IN THE UNITED STATES DISTRICT COURT FOR THE DISTRICT OF IDAHO
July 22, 2011
HOYT A. FLEMING, PLAINTIFF,
ESCORT, INC. AND BELTRONICS USA, INC., DEFENDANTS.
The opinion of the court was delivered by: Honorable B. Lynn Winmill Chief U. S. District Judge
MEMORANDUM DECISION AND ORDER
The Court has before it defendant Escort's motion to strike certain expert reports of the plaintiff Fleming, and a cross-motion by Fleming to strike an expert report of Escort's. The motions are fully briefed and at issue. For the reasons explained below, the Court will deny both motions.
Plaintiff Fleming alleges that defendant Escort infringed its patents on radar detection devices. On August 2, 2010, shortly after the Markman decision was issued, the Court filed a Case Management Order (CMO). The CMO set the following deadlines for the disclosure of expert witnesses and their reports:
Disclosure of Experts: The Plaintiff shall disclose the experts intended to be called at trial on or before November 2, 2010. The Defendant shall disclose the experts intended to be called at trial on or before December 2, 2010. All rebuttal experts shall be identified on or before December 16, 2010.
Rules Governing Disclosure of Expert Witnesses: Within the deadlines for the disclosure of expert witnesses set out above, the parties shall also provide -- for each expert disclosed -- the report described in Fed. R. Civ. P. 26(a)(2)(B), as modified by Local Rule 26.2(b). Supplementation to the expert witness report shall be done in accordance with Fed. R. Civ. P. 26(e)(1), keeping in mind the Court's admonition about not moving the dispositive motion deadline set forth earlier in this Order. Pursuant to Local Rule 26.2(b), expert witnesses will not be allowed to offer any opinion not disclosed in the mandatory Rule 26 disclosures, supplementation, or deposition. This includes rebuttal experts. No undisclosed expert rebuttal opinion testimony will be allowed at trial.
See CMO (Dkt. 64) at p. 4. Plaintiff Fleming filed the report of his expert Dr. Chris Gregory Bartone by the deadline of November 2, 2010. Defendant Escort filed the report of its expert Dr. Grindon by the deadline of December 2, 2010. Plaintiff Fleming then filed a rebuttal report by Dr. Bartone -- addressing issues raised by Escort's expert Dr. Grindon -- by the deadline of December 16, 2010.

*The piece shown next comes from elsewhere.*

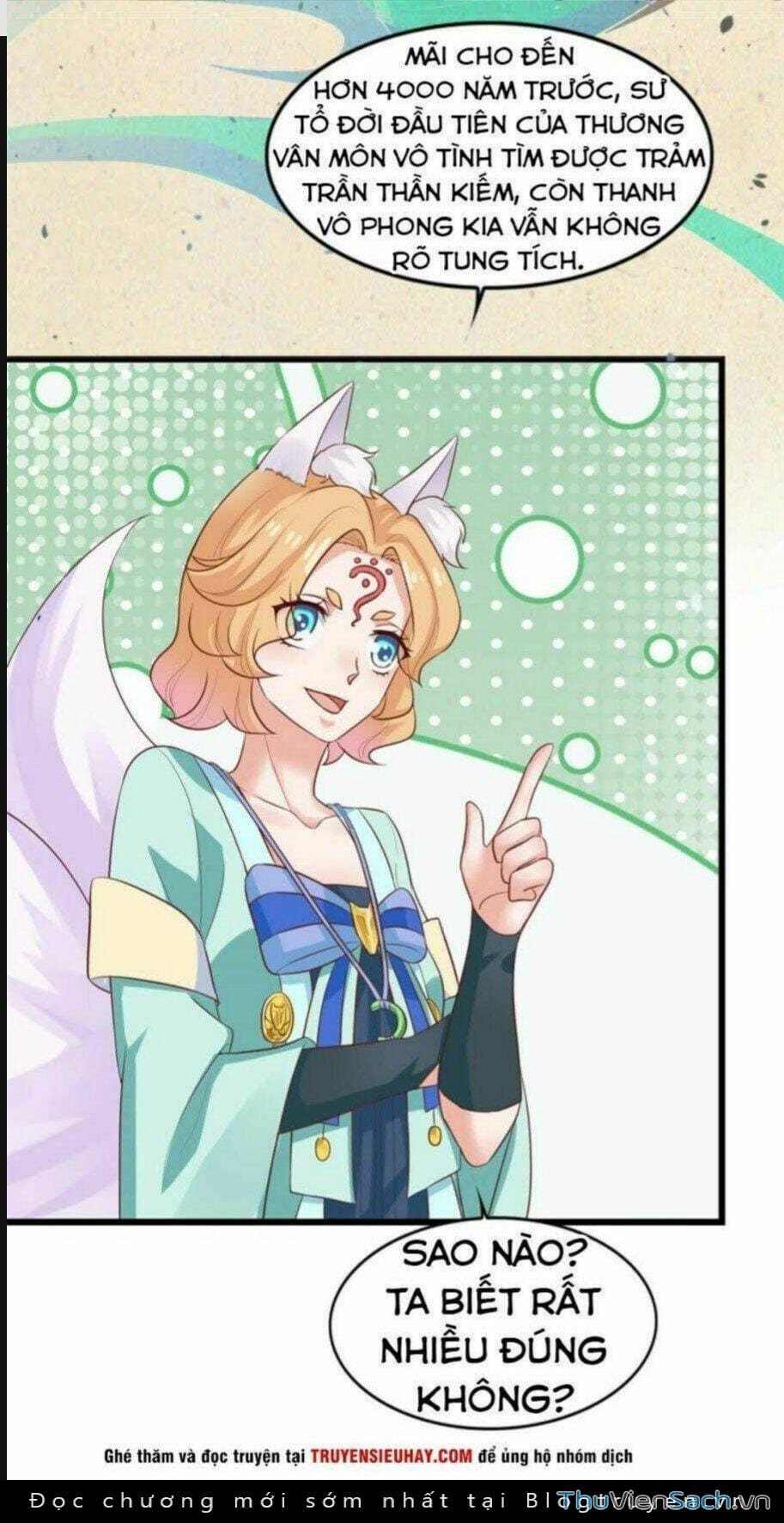 Truyện Tranh Tiên Ma Đồng Tu trang 6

Escort argues in its motion that Fleming had no right to file the rebuttal report of Dr. Bartone, because he addressed only issues on which Escort bore the burden of proof and discussed for the first time in Dr. Grindon's report. Escort argues that true rebuttal is limited to issues raised in Dr. Bartone's original report that were challenged by Dr. Grindon. In its cross-motion, Fleming argues that Escort should have filed the report of Dr. Grindon on November 2, 2010, because Escort bore the burden of proof on issues discussed by Dr. Grindon.
In fact, both sides complied with the deadlines set forth in the Court's CMO. Under those deadlines, Fleming would file its expert reports first. Escort would file its expert reports. Finally, in a round of rebuttal reports, both parties could rebut the reports of the other.

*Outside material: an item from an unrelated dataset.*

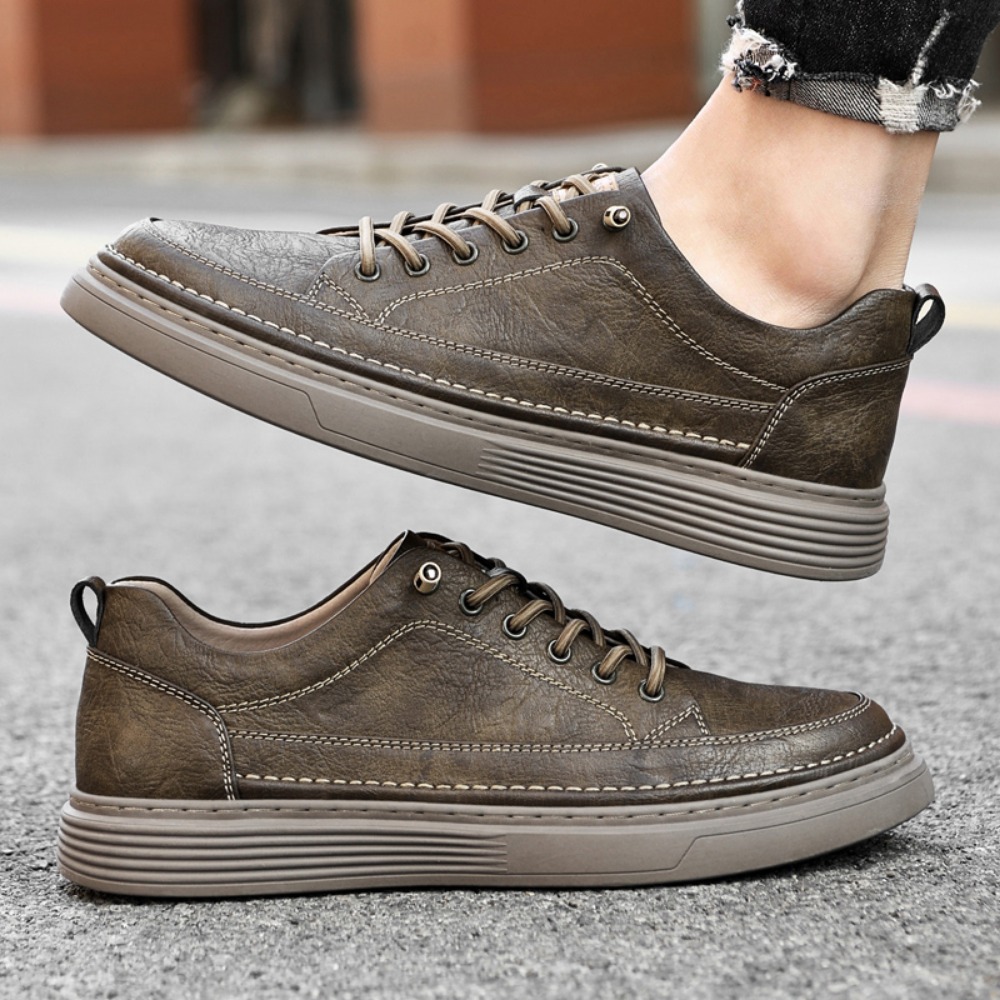 2026 LUKE LK2082 Leather Look  - Men Shoes Eu To Us Size recension och pris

That is precisely what both parties did, and the Court can find no deficiency in their filings. The Court does not agree with Escort's reading of Rule 26 that the filing of expert reports is governed by the burdens of proof. Rule 26(a)(2)(D)(ii) states that a party may disclose expert testimony "if the evidence is intended solely to contradict or rebut evidence on the same subject matter identified by another party under Rule 26(a)(2)(B) . . . ." Rule 26(a)(2)(B) governs the initial expert report. Neither provision -- that is, neither the provision governing initial expert reports nor that governing rebuttal reports -- says anything about linking filing deadlines to burdens of proof.
Thus, there is nothing in Rule 26 that condemns the filing of either party here. It is true that Local Patent Rule 5.2 gives the Court authority to tie the expert disclosure deadlines to the party with the burden of proof on an issue. The Court notes that in subsequent cases it has followed Patent Local Rule 5.2, and that the Rule represents the better practice. But that Rule was obviously not followed in this CMO, and it is the CMO that governs this litigation.

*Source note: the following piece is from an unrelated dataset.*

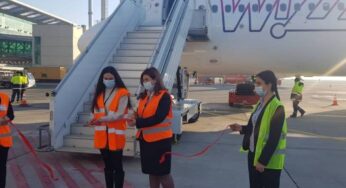 Авиакомпания «Wizz Air Abu Dhabi» начала полеты по маршруту Абу-Даби-Ереван-Абу- Даби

Escort appears to also be arguing that Dr. Bartone's report went beyond pure rebuttal and announced new expert opinions. But Escort provides no detail on where those new opinions occur in the rebuttal report. A review of the 49-page report shows that Dr. Bartone consistently described Dr. Grindon's opinions and then rebutted them, the proper function of a rebuttal expert report under Rule 26.
For all of these reasons, the Court will deny both motions.
In accordance with the Memorandum Decision set forth above, NOW THEREFORE IT IS HEREBY ORDERED, that the motions to strike (docket nos. 101 & 107) be DENIED.